During the conclave, experts and tribal leaders came together to discuss how traditional models of governance have worked during challenging times as also to explore innovative ways of governance to bring communities together. For instance, due to the digital format, Samvaad was able to connect with the Nicobarese tribe and hear of their 200-year-old governance system from Rashid Yusoof, a member of the community. Screenings were held at 23 locations across 8 states of India, reaching over 600 people. These screenings were specially facilitated in rural tribal hamlets to ensure that more and more people had the opportunity to join the conclave. This ‘bridgital’ format took the conversations online and was complemented by community-led decentralised engagement points.
Responding to queries from CauseBecause, the company’s spokesperson informs that the Fellowship has built a cohort of 16 Fellows working in different elements of culture preservation like language, food habits, religious practices, folk song and folktales, and tribal art.
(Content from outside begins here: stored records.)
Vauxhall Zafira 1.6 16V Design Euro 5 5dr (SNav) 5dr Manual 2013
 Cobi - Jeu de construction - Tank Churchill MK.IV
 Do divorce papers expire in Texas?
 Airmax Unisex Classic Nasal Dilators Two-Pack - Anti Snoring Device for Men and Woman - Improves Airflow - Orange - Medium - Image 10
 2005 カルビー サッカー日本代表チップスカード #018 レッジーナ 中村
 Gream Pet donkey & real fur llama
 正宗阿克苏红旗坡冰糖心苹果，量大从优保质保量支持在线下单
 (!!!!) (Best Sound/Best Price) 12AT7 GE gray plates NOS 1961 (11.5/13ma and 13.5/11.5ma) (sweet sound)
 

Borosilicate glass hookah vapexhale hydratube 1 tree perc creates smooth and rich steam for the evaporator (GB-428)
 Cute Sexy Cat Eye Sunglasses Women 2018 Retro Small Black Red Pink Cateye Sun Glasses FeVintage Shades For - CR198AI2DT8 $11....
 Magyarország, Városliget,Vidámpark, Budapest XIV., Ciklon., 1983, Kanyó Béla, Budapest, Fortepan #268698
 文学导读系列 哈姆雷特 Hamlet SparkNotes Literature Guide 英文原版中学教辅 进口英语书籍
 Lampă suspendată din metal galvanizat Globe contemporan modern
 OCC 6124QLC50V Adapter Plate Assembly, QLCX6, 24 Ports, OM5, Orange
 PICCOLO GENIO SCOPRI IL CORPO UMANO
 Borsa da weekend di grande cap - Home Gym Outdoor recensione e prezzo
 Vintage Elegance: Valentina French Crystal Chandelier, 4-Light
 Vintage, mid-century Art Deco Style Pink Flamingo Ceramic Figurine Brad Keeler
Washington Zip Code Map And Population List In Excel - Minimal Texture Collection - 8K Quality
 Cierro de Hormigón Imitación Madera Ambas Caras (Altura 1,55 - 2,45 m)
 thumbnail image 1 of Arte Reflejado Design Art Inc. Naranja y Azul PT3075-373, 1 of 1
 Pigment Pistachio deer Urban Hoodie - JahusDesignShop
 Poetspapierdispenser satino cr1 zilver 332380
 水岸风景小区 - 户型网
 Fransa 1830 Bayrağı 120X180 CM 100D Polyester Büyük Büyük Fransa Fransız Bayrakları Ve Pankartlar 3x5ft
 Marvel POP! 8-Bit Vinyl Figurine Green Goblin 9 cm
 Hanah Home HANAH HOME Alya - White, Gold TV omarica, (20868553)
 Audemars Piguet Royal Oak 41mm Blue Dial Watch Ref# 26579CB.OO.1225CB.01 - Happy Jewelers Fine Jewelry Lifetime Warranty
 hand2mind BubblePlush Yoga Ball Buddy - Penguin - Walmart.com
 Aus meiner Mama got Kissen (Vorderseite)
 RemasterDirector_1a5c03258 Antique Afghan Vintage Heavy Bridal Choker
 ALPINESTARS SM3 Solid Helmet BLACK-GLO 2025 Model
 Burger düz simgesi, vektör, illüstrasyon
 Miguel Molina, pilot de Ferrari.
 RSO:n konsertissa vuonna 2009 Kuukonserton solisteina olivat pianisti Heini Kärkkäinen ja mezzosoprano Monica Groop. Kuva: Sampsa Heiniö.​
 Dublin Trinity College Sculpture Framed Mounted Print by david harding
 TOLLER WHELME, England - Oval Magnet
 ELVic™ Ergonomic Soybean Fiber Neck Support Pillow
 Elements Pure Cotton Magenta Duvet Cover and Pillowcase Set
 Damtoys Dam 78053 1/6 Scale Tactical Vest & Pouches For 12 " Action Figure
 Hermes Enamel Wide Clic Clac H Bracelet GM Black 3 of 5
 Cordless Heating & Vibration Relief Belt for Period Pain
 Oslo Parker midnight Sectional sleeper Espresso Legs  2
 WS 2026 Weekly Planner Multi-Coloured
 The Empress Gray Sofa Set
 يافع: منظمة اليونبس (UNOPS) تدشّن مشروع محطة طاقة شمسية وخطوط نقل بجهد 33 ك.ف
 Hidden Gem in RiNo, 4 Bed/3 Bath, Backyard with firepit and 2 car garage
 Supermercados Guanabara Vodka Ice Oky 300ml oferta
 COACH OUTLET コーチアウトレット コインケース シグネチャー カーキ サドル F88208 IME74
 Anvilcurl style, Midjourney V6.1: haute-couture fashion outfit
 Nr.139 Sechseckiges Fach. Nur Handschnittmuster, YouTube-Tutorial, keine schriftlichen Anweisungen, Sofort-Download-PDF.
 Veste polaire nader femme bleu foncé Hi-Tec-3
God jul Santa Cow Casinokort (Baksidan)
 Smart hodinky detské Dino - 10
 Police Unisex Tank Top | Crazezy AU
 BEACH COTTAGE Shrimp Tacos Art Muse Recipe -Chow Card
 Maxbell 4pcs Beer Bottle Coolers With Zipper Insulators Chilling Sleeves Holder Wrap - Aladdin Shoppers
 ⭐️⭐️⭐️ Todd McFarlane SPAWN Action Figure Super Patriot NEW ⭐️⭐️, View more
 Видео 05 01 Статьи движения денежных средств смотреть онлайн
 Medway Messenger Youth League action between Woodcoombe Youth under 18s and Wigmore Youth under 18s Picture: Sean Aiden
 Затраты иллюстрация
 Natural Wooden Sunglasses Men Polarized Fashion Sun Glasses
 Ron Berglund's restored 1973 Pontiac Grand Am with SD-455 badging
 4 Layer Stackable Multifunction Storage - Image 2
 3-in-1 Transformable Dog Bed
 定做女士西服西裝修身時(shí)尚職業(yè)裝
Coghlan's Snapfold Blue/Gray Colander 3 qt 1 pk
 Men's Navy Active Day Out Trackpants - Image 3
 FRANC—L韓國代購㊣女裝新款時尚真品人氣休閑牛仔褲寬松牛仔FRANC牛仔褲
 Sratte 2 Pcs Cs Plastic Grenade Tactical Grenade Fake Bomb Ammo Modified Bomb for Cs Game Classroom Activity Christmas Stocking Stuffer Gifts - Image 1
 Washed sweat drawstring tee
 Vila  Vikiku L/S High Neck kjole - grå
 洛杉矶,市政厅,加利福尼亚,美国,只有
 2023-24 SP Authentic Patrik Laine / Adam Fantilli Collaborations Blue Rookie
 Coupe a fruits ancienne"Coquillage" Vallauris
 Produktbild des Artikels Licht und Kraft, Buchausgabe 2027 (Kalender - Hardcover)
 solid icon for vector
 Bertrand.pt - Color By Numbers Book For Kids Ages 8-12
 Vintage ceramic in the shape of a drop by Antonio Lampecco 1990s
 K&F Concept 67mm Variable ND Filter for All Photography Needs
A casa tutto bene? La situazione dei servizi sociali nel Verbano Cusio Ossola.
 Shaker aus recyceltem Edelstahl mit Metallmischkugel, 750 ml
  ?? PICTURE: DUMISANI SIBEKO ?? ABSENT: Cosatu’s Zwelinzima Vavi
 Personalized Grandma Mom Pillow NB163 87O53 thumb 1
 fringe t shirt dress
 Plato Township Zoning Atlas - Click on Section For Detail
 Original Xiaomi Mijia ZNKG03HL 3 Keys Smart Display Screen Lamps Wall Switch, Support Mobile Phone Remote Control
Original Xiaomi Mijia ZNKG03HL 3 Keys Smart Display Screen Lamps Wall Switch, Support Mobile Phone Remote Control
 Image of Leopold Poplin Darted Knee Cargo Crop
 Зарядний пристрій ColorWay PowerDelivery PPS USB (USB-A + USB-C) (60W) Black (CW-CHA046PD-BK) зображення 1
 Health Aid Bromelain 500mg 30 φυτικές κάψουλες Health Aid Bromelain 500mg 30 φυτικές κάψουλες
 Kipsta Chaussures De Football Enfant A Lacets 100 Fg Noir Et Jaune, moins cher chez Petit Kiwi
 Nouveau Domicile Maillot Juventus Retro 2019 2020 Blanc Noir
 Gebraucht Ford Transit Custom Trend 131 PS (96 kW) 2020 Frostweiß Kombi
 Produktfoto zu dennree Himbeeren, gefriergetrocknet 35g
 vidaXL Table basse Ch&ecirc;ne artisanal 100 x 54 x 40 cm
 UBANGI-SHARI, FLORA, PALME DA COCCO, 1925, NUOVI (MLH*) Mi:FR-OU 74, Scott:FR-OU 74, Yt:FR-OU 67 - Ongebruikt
The intended outcome is to set examples of how individuals from a community may address an issue critical to their culture through social action.
To bridge the language barrier, a network of acquaintances helped in translations and communicating the messages. This included volunteers from the Tata Steel ecosystem and students from various educational institutions.
Art enthusiasts got a chance to attend masterclasses on Oraon, Sohrai, Saura, Gond, Warli and Rajwar Bhittichitra art forms hosted by tribal artisans. Each day concluded with cultural performances from artists like Guru Rewben from Manipur and Tetseo Sisters from Nagaland, and cultural groups from tribes of Galo, Siddhi, Dandami Madia, Bhumij and others.
As many as 114 healers from India and abroad participated in discussions on tribal healing practices. The ‘National Tribal Traditional Healers Association of India’, formed at Samvaad 2019, formulated a three-year roadmap with a detailed plan for January–March 2021.
As part of the film screenings, Samuday ke Saath, Ashok Veilou’s ‘Look At The Sky’, Chentai Khiamniungan’s ‘Strength in Diversity’, and Abhijit Patro’s ‘Johar’ were screened. The Samuday ke Sath film competition was also launched.